TASK DETAILS:
In the entries below, identify every line with the string "Picture" and copy it.

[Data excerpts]

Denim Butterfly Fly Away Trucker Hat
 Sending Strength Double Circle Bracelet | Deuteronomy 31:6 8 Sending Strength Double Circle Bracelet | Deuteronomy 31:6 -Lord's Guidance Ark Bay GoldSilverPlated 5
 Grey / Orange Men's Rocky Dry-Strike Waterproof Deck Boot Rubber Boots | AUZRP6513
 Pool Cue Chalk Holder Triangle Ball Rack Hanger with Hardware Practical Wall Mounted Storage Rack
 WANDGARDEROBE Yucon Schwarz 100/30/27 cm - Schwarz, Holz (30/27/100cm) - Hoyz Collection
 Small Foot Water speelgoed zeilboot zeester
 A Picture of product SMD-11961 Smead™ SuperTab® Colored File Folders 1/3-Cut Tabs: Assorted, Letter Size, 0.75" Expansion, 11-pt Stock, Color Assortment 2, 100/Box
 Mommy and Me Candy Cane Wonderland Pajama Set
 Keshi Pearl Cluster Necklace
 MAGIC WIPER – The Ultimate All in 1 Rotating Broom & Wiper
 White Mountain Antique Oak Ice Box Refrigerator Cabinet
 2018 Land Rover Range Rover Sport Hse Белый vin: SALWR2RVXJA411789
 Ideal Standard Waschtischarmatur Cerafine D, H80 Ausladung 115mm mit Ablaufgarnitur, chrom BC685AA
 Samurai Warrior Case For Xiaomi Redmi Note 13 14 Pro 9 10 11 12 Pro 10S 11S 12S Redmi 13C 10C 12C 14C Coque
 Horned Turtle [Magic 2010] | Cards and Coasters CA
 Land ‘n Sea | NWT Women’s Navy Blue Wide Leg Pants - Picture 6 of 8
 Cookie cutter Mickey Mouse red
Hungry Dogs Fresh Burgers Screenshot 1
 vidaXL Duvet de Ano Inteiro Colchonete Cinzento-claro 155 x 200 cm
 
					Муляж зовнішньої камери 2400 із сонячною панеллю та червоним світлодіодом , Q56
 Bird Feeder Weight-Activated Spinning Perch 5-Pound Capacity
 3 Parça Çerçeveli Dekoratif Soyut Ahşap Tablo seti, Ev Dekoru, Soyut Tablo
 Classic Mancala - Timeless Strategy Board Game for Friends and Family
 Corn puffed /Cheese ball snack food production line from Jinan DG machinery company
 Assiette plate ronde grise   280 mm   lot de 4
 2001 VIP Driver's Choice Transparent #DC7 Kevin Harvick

RESPONSE AREA:
 A Picture of product SMD-11961 Smead™ SuperTab® Colored File Folders 1/3-Cut Tabs: Assorted, Letter Size, 0.75" Expansion, 11-pt Stock, Color Assortment 2, 100/Box
 Land ‘n Sea | NWT Women’s Navy Blue Wide Leg Pants - Picture 6 of 8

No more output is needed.